# [EXERCISE PROMPT]
Exactly the lines below from the line with "Working on furries" through the line with "Ten of Love card from The Cathar Tarot deck" must make up the answer, both ends included and pictures left out.

# [INPUT DATA]
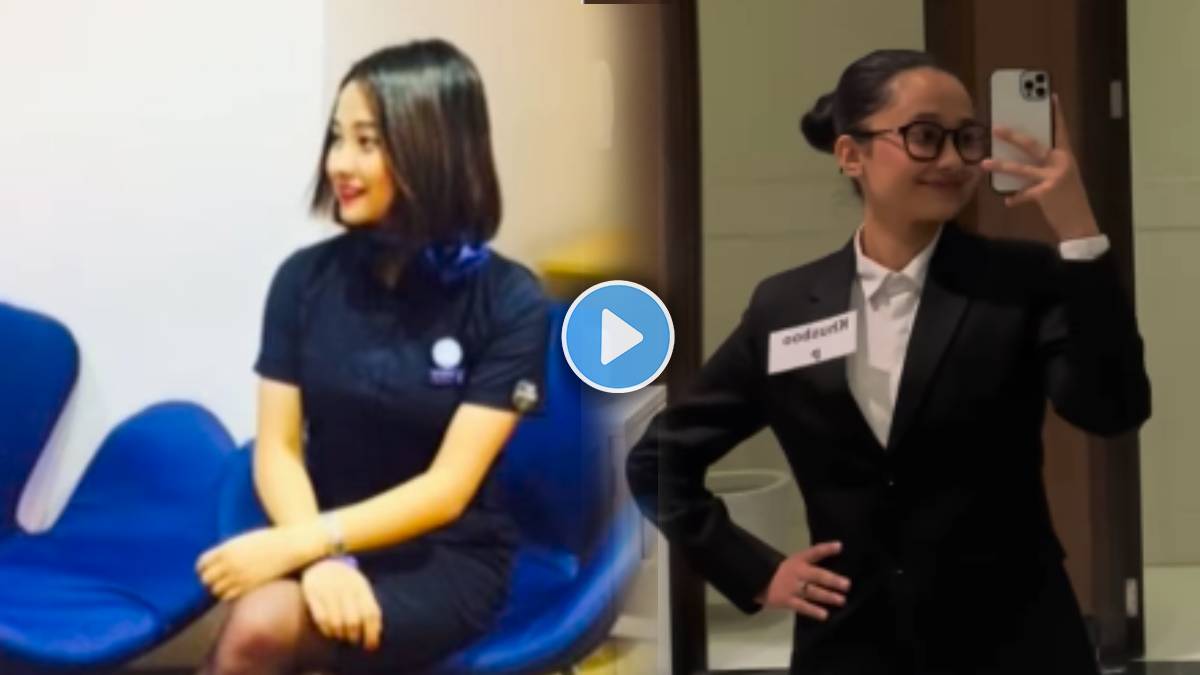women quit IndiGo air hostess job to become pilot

---

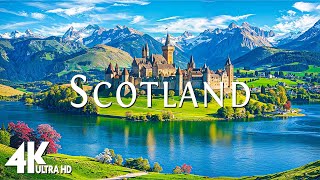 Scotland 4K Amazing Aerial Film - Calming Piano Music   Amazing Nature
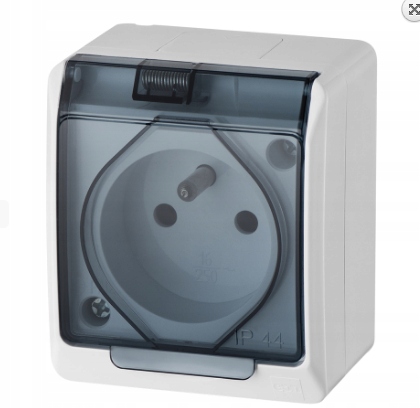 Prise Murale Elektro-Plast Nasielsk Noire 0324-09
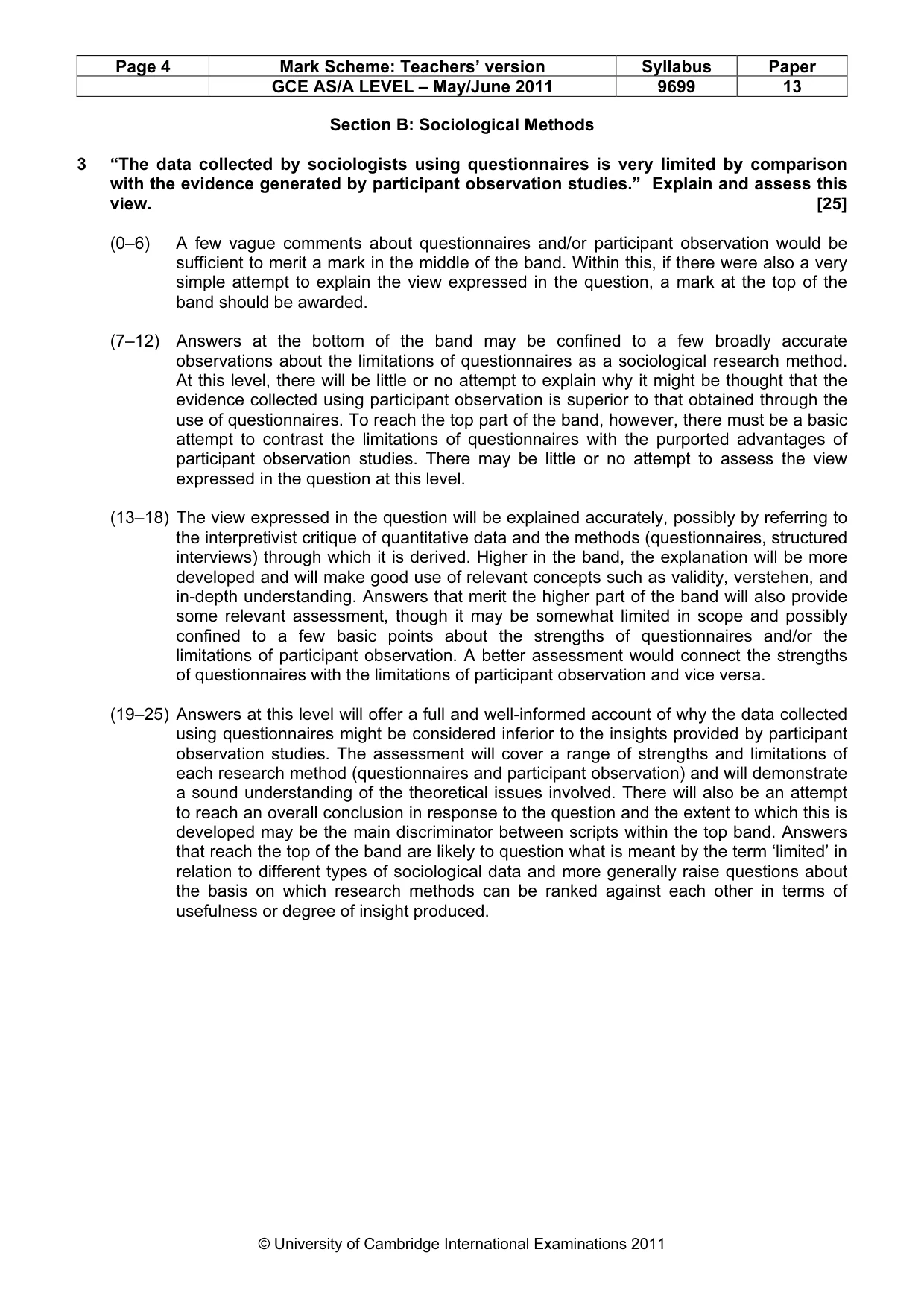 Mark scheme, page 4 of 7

* * *

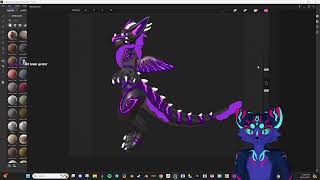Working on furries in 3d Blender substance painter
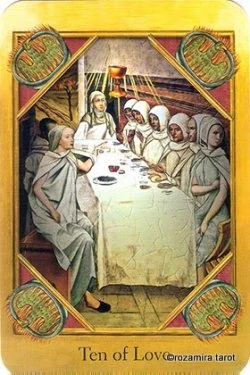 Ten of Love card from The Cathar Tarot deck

# [ANSWER AREA]
Working on furries in 3d Blender substance painter
 Ten of Love card from The Cathar Tarot deck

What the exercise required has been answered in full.